_What you need to do_. Start at the line below containing "In-progress construction of" and stop at the line containing "Western Digital External". Repeat every line of that stretch exactly, and nothing outside it.

_Excerpted data_.
*** Block opens ***

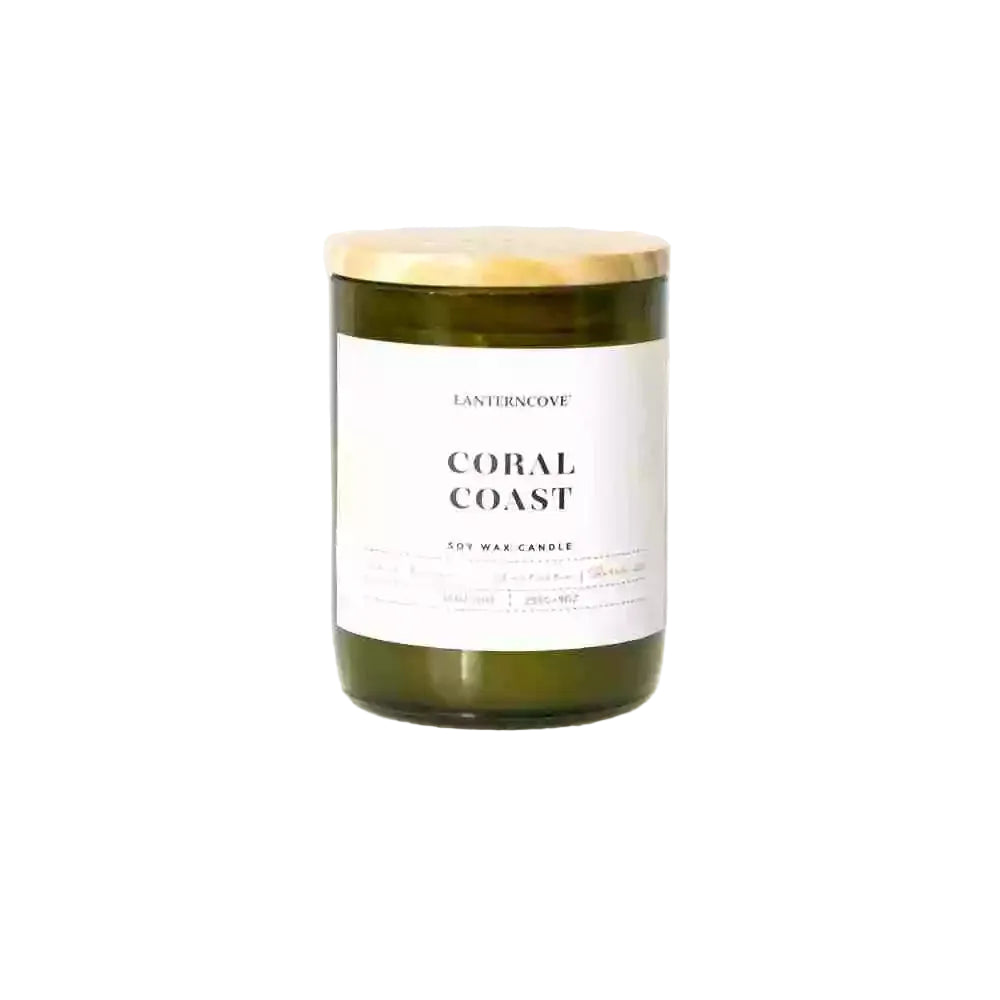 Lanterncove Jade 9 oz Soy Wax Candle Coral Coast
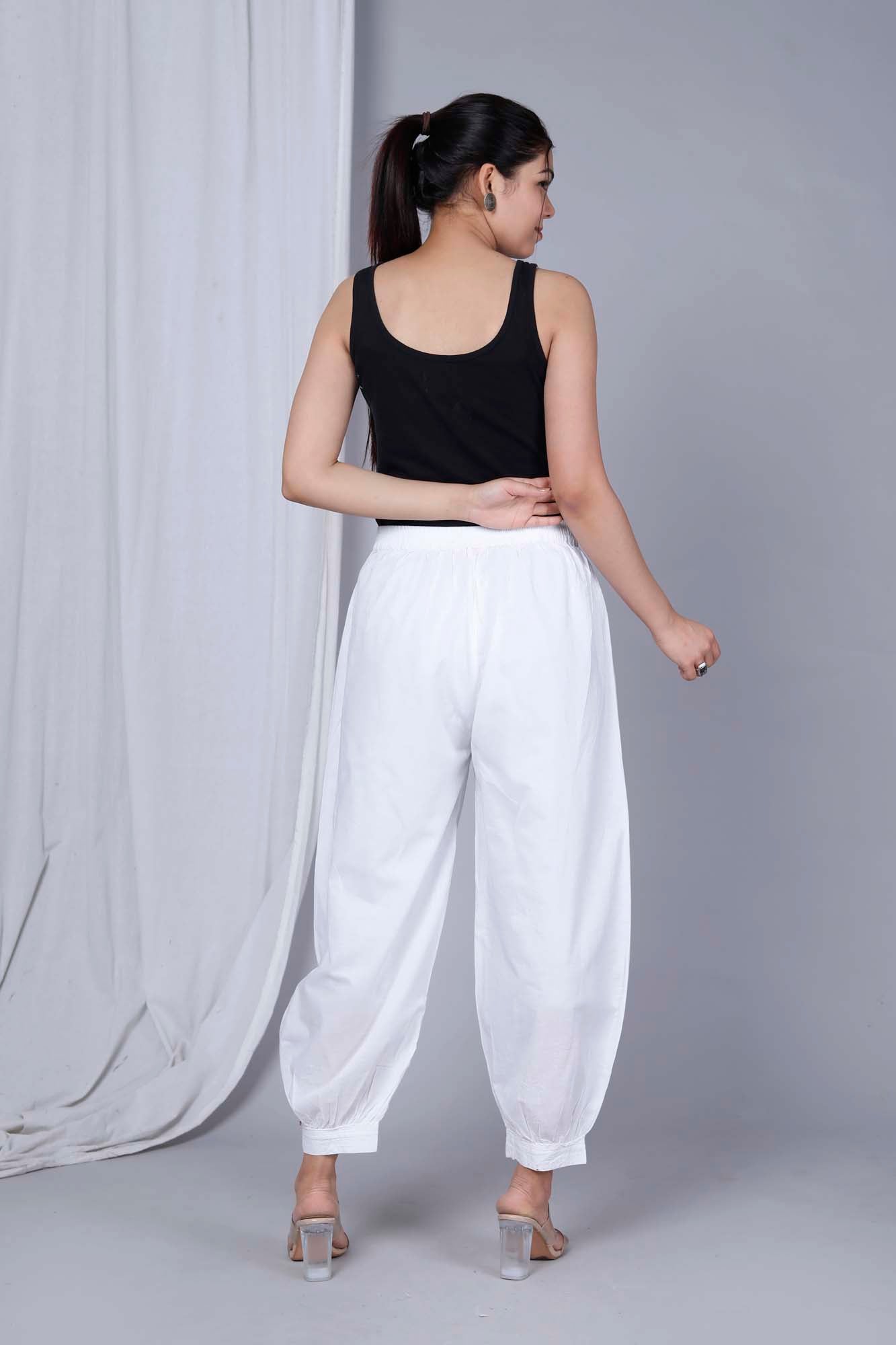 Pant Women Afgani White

*** Block closes ***
*** Block opens ***

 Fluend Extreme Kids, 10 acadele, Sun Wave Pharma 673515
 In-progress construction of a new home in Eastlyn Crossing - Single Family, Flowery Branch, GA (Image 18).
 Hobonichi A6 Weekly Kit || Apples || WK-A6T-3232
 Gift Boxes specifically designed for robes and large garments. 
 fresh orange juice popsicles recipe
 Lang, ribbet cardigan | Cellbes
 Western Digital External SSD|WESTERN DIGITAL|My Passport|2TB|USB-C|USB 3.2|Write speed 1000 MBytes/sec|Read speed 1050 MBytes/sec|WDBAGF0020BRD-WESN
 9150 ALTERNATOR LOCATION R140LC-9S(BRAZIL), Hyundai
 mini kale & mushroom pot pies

*** Block closes ***
*** Block opens ***

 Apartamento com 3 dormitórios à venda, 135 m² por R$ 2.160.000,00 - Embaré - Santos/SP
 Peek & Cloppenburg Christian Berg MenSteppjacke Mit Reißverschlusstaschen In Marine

*** Block closes ***

_Reply_.
 In-progress construction of a new home in Eastlyn Crossing - Single Family, Flowery Branch, GA (Image 18).
 Hobonichi A6 Weekly Kit || Apples || WK-A6T-3232
 Gift Boxes specifically designed for robes and large garments. 
 fresh orange juice popsicles recipe
 Lang, ribbet cardigan | Cellbes
 Western Digital External SSD|WESTERN DIGITAL|My Passport|2TB|USB-C|USB 3.2|Write speed 1000 MBytes/sec|Read speed 1050 MBytes/sec|WDBAGF0020BRD-WESN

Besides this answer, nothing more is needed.